# Pros please help - what method attach porch roof to brick veneer



## dinoburger (May 22, 2014)

I want to hire a pro to do this, but I want to hire the RIGHT pro.

I have a "soft" brick veneer covering my 2 story house in the northeast US, built 1997. I was told that the brick is a "softer" brick when it was laid.

I would like to build a front porch all across the front of my house, simple shed roof with perpendicular gable in center over door. The wall has many windows.

Due to improper construction, I will have to remove the existing porch concrete slab and replace it, constructed properly. It is built on the side and front over block wall footed foundation. The footings and block support walls have no issues and are done properly. The back of the slab and other side of the slab were not tied into the house, so the slab has sunk in the center against the house. (there is packed stone fill under the slab, but when it settled slightly over the years the porch slab settled with it)

When we remove the slab and replace it, we will tie the new slab into the house structure on the back and one side, and use the existing block wall front and other side to complete the four sides to support the slab on all four edges.
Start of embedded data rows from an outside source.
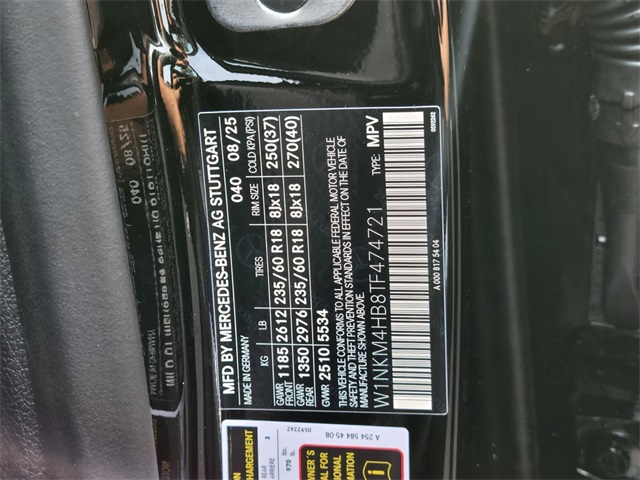 2026 Mercedes Benz GLC 300 4MATIC photo 28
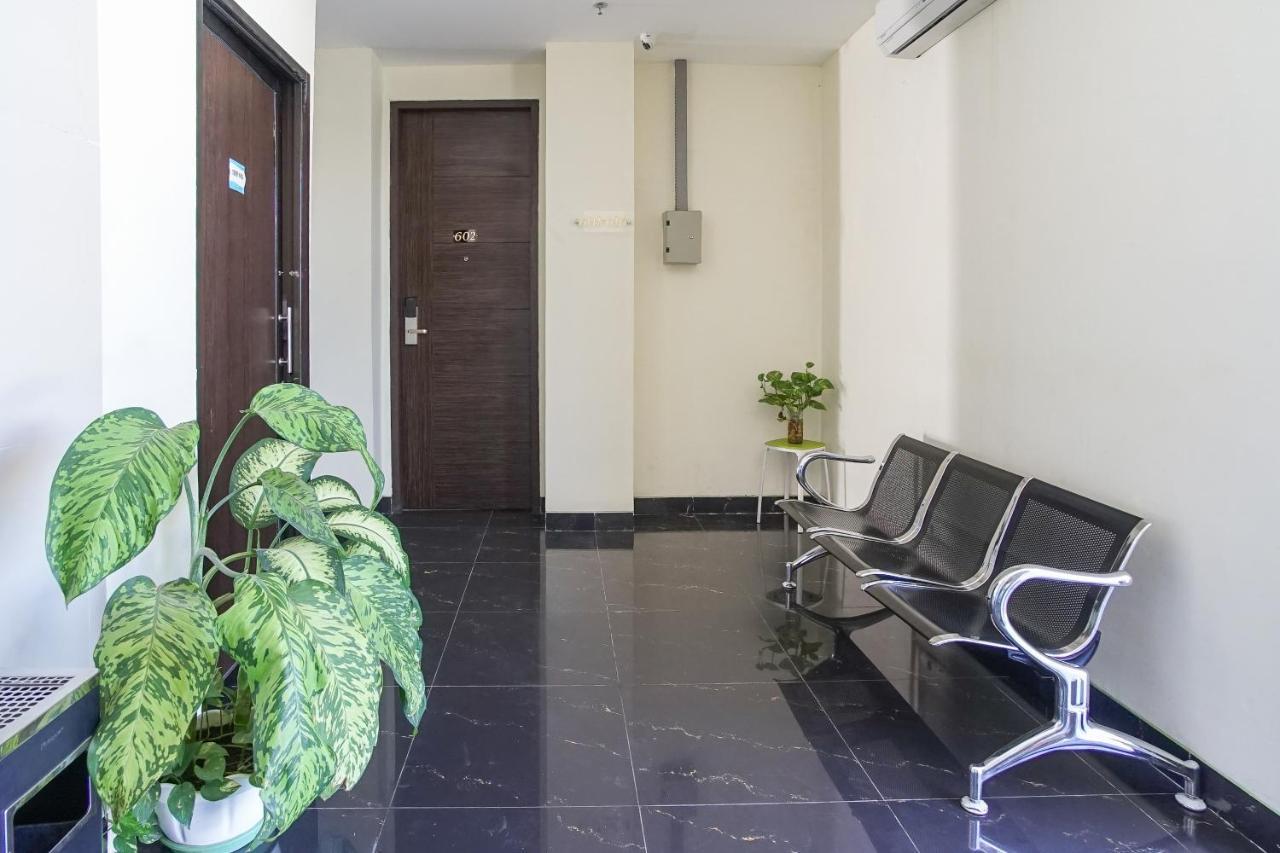 Hotel Royal Manado Luaran gambar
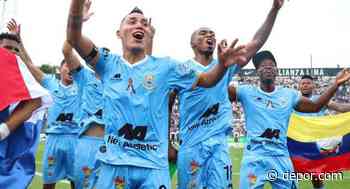 Tello: “Sorprende que Alianza Lima pida los puntos. No estoy de acuerdo que ganen en mesa” - Diario Depor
Doing this presents an opportunity to make any other structural changes to the slab or put in other support for the porch at slab level or below slab level, up against the house.
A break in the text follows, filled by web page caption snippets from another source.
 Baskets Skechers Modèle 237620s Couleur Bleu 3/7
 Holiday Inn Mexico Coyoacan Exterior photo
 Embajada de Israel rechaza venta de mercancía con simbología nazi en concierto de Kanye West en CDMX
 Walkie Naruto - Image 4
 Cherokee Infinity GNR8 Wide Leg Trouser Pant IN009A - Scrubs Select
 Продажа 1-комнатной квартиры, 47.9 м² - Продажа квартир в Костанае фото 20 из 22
I am very very nervous about going across my brick into the house for the roof support. I would like to explore supporting half columns against the brick at the house face to support the ledgers and roof, rather than do the bearing support across the brick into the house framing. But I need knowledgeable opinions about this.

Can I please get some experienced input as to the best approach, here? I am LOATHE to punch out huge sections of bricks on the front of my house in case breaching the envelope or removal creates problems down the road in either my house envelope (water penetration issues, I'm thinking) or my masonry (cracking/shifting of veneer above missing sections taken out). One contractor wants to remove huge sections of brick to install ledger against the house framing. I understand why the ledger is best against the house and not outside brick; what I have issue with is penetrating my brick wall with huge holes from the removal of sections of bricks, and whether this would weaken my masonry thereafter.
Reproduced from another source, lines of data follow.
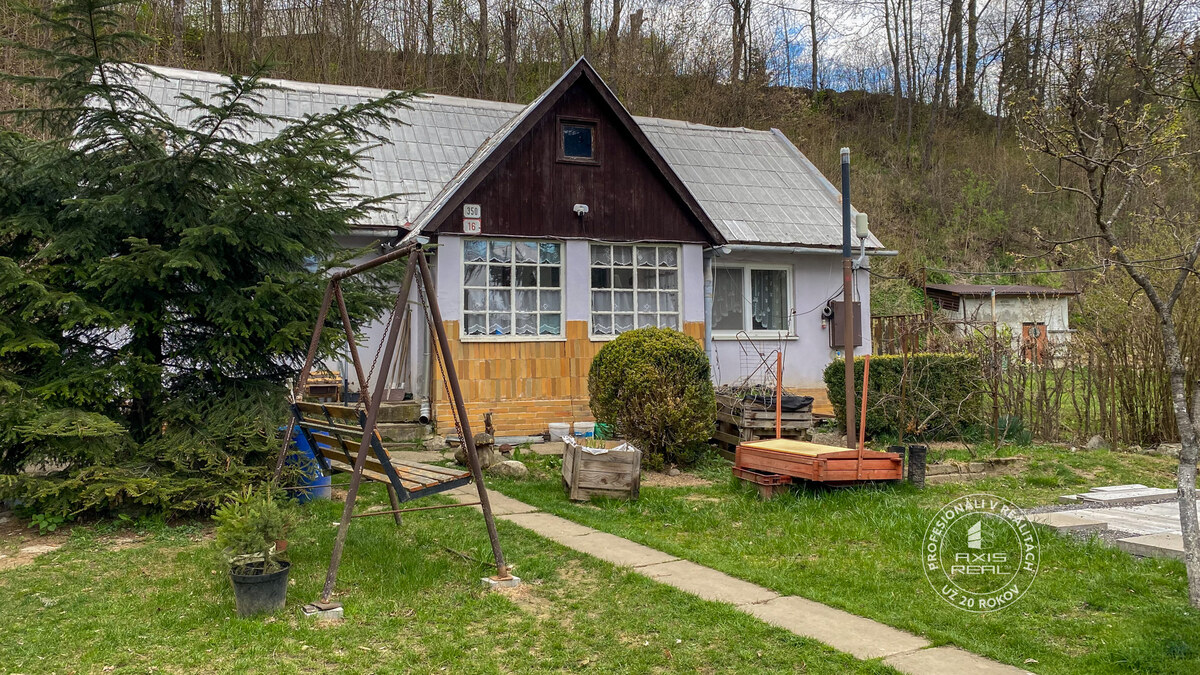 AXIS REAL | Rodinný dom s veľkým pozemkom, St. Ľubovňa, Levočská ul. — foto 2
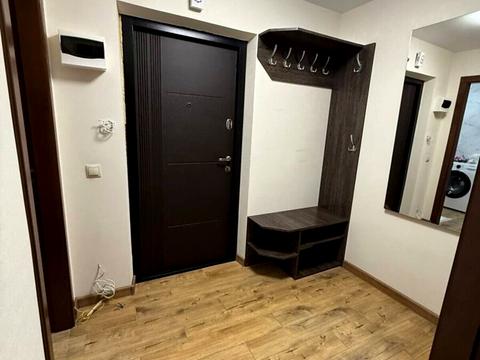 квартира по адресу Синеводская ул., 138в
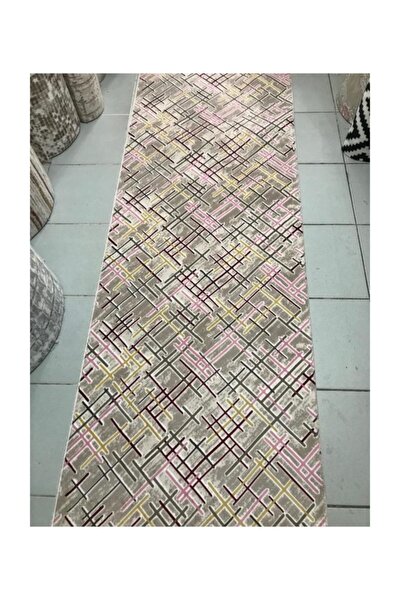 samur protokol kirmizi yolluk kaymaz taban en 80 cm fiyati yorumlari trendyol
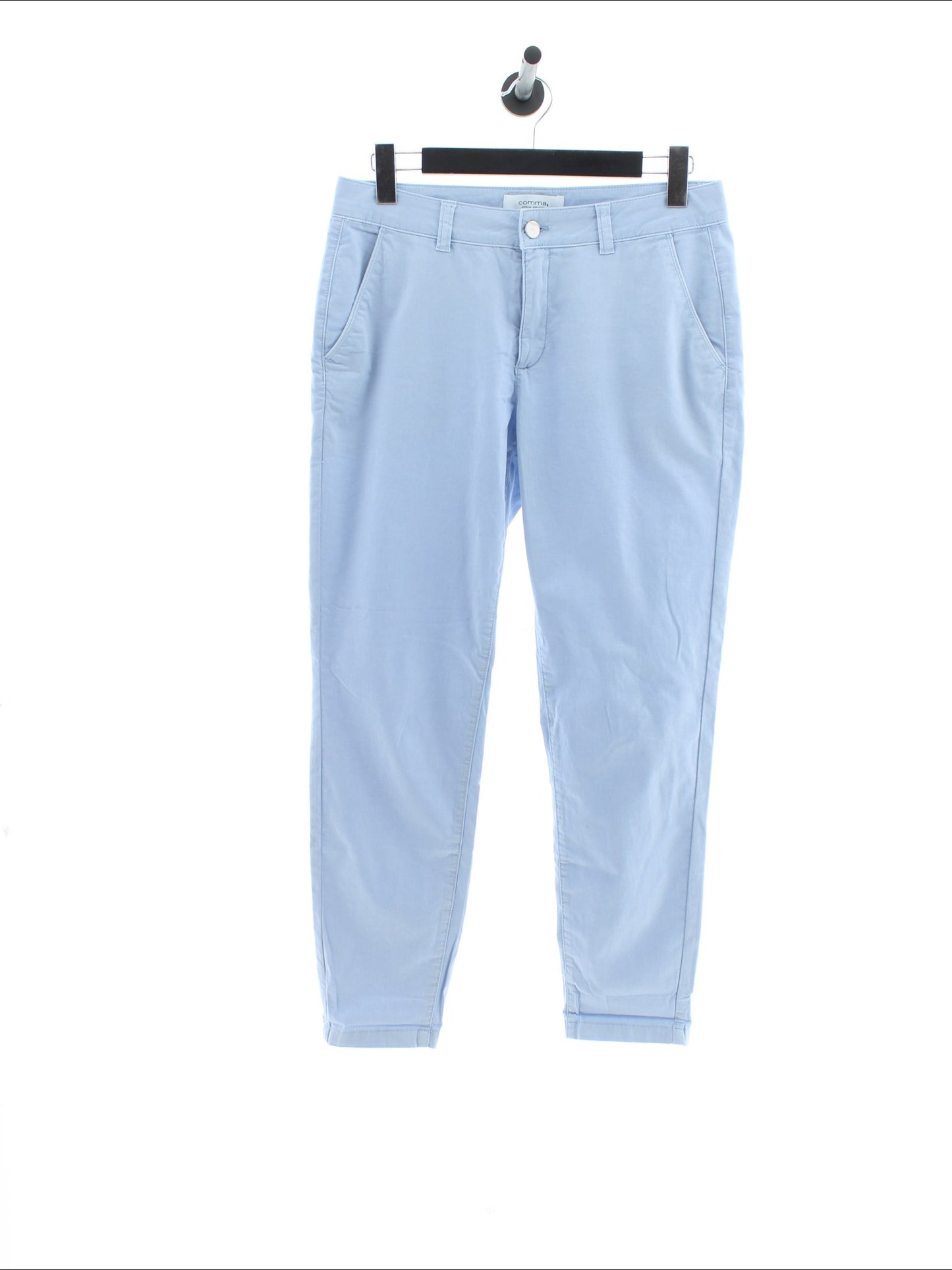 Spodnie Casual Comma Rozmiar: 38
Would they need to remove an entire strip for the ledger, or can it be done in bearing sections, so a whole stripe of brick doesn't have to be removed, or how is this done? Will it put the masonry veneer structure above the "holes" at risk of cracking/failure in the future? Is is better to leave my brick veneer intact with the exception of anchors to it to hold the roof structure against the house but not load bear across brick?

My instinct is screaming to create half columns against the house, from below, and transfer the load down that way onto below-slab level support structures, instead of across the brick into the house framing. My brick veneer has a large air gap behind it before the house wrap/sheathing/framing.

I have also read of going across the wall INSIDE the house to expose the house envelope and place blocking between it and the brick to "fill" the air gap so you can bolt across the brick into the house framing and snug the bolts. But it seems to me this disrupts the house wrap and causes all sorts of openings where none were before in the vapor and weather proofing layers.

Please help me with what is the advised and PROVEN method to put a roof up against existing brick veneer. 

For scale, the existing porch slab is 7 feet wide by 50 feet long, so the roof would cover that, plus overhang.

Picture of house, below. (existing slab, but no porch with roof, etc. yet)
Picture of porch style I want to build, below (not my house).

Thank you for your input.

This is NOT a DIY project. I want to hire the right professional, and make sure they use the safest method to maintain the integrity of my masonry into the future. But since I'm getting different opinions from local contractors, I'd like to hear from this board theirs.


.


----------



## Colbyt (Jan 27, 2014)

I don't meet you 'pro' designation but the simple answer is long lag bolts through the brick and into the rim joist between the floors. Or if more pitch is required it might be okay to go through the brick and into the studs. The first I am sure of and latter should be studied.


----------



## Ron6519 (Mar 28, 2007)

I'd never hang structure off of brick veneer. Not a deck and certainly not a porch roof.
Speak to a structural engineer about this.


----------



## Daniel Holzman (Mar 10, 2009)

I got lost somewhere around the time you started discussing the settlement history of "the slab". I had trouble understanding if you were talking about the existing house slab, the existing porch slab, or a proposed new slab.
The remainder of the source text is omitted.